Wednesday, November 28, 2007

Rousseau, Baseball, and Apple Pie

In book four of the Social Contract, Rousseau caps his entire discussion on government with a necessary chapter on religion. Aside from some serious theological errors (Christ did not institute a merely spiritual kingdom), Rousseau posits a distinction between personal religion and civil religion. Personal religion is the religion that each individual has between their own two ears. It is the religion of the mind, of the individual. So long as it stays in between your ears, it is not going to bother anybody, least of all Rousseau.
But the state needs a religion that will enforce the kind of devotion and ritual necessary for the promulgation of the state. Here Rousseau mentions the civil religion. Civil religion "joins divine worship to a love of the law" (Social Contract, 4.8). The law it creates a love for must be the civil law, not a theological law (assuming the two are distinct, which Rousseau would insist upon). Civil religion creates its own "dogmas, its rituals, its external forms of worship" (ibid.). Civil religion is what separates a citizen of one nation from another nation.
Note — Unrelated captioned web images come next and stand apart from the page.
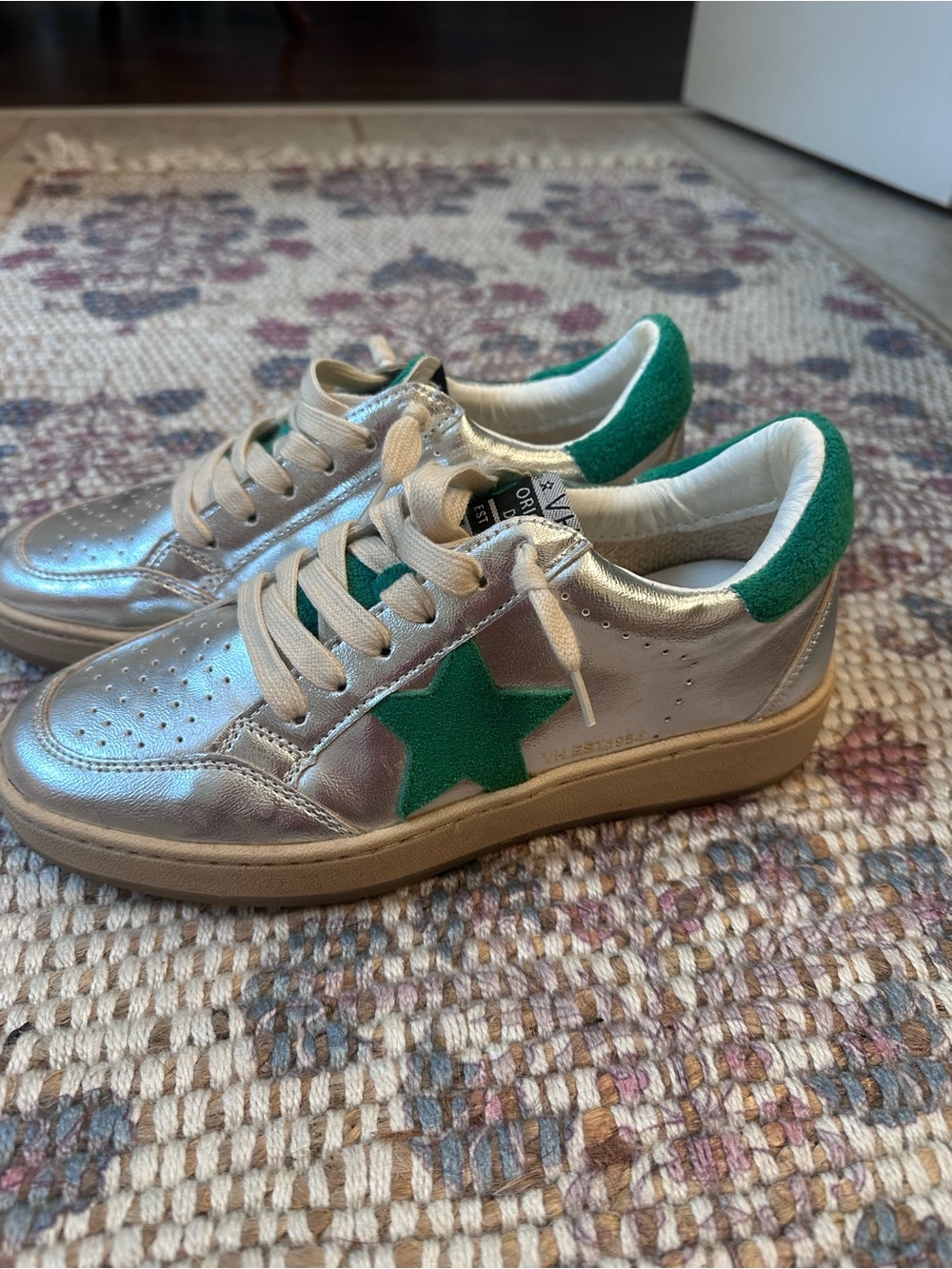 Vintage Havana Denisse Silver Metallic Green Star Sneakers Size 7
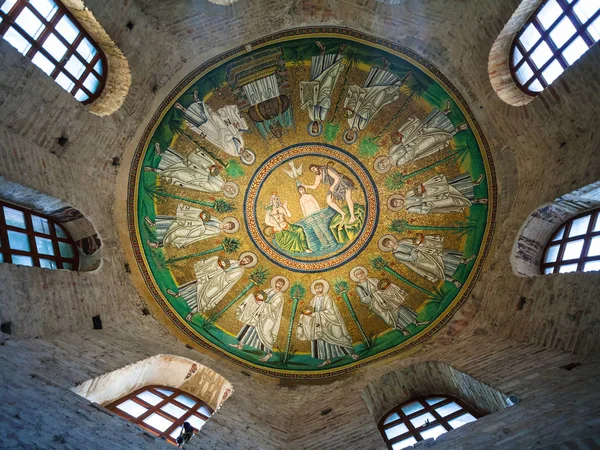Plafond mozaïek in ariaanse doopkapel in Ravenna — Stockfoto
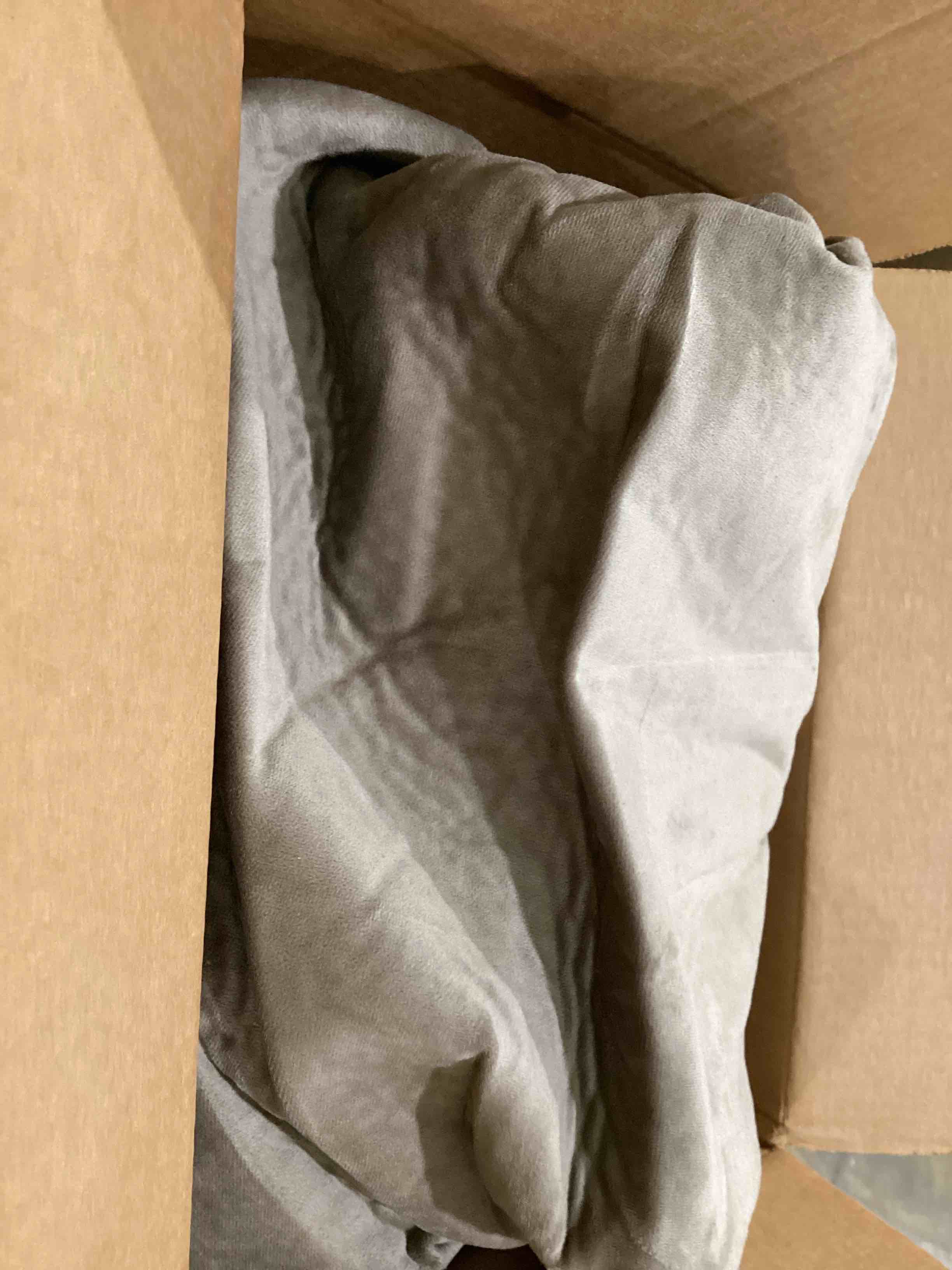 https://s3.amazonaws.com/lotting-images-prod/bidfta/PPE2897991_1749489776090.jpeg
It works well with modern thinking about nationalism. This can lead to some problems, especially if one nation gets a superiority complex and has delusions of exclusivity. This can lead to some crusade-like activity.
The idea of a civil religion like Rousseau explains isn't so far fetched as it may sound. After all, modern Americans have rituals that define us as a nation. We have apple pie, right (as American as apple pie)? We have the national pass time (don't dare go and not order up a hot dog or roasted peanuts). We even have less pronounced forms of this. We have little colored ribbons that declare how much we support our troops. We have flags flying from houses, windows, and other places. We have patriotism! In our postmodern, post-nationalism world, patriotism has replaced Rousseau's civil religion. If you choose not to engage in any of the practices listed above (and a whole host of others) you run a very significant risk of being labeled un-American. In our civil religion, to not practice the rituals, to not engage in the modern forms of worship, is heretical at best.
The saddest part of this is that many of the people that have fallen for this civil religion are evangelical Christians.